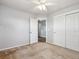 A neutrally painted bedroom features white trim, ceiling fan, and a large closet at 3812 Red Deer Trl # D, Broomfield, CO 80020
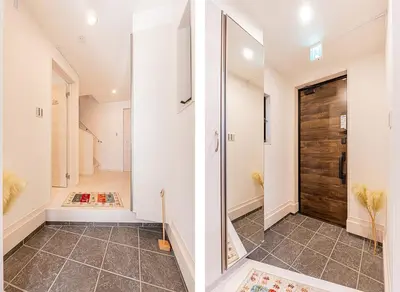 a hallway with a glass door and a tile floor at \u6625\u65e5\u5c45 Kasuga House in Tokyo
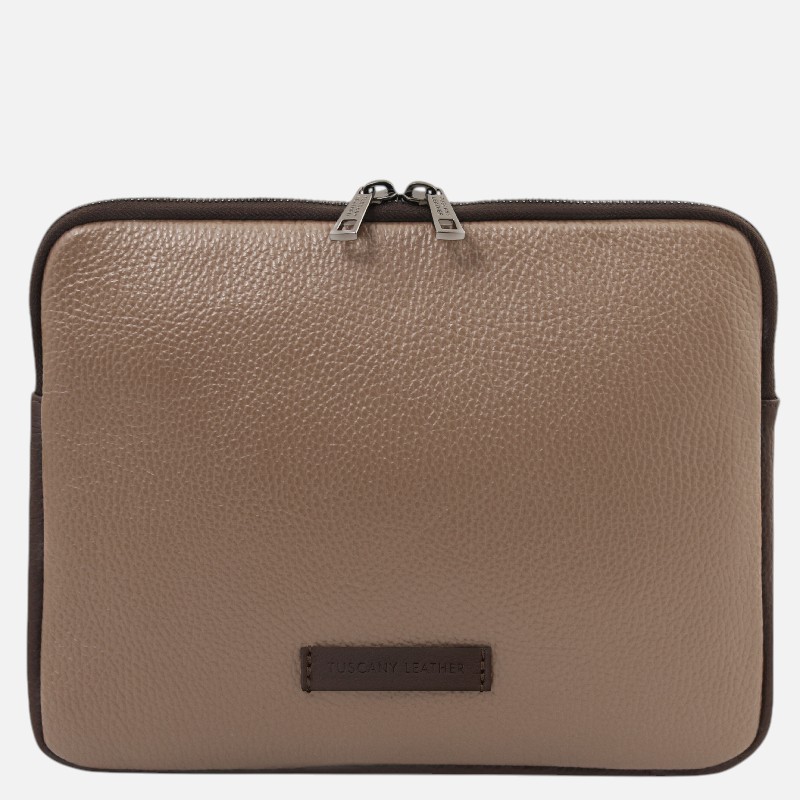 Tan pebble-grain leather zippered pouch with dark brown trim and a double zipper, featuring a Tuscany Leather brand patch.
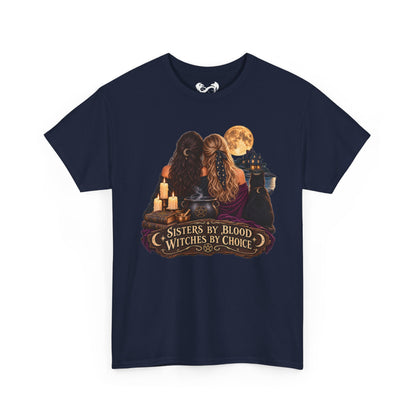 A navy blue short-sleeve t-shirt with a graphic print on the front depicting two witches with long hair, cauldrons, candles, and a full moon, with the text 'SISTERS BY BLOOD WITCHES BY CHOICE'.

━━━━

_Task details:_ Restate word for word the lines running from the first line of the material to the line containing "a hallway with", inclusive, and drop every picture.

_The completed task:_
 A neutrally painted bedroom features white trim, ceiling fan, and a large closet at 3812 Red Deer Trl # D, Broomfield, CO 80020
 a hallway with a glass door and a tile floor at \u6625\u65e5\u5c45 Kasuga House in Tokyo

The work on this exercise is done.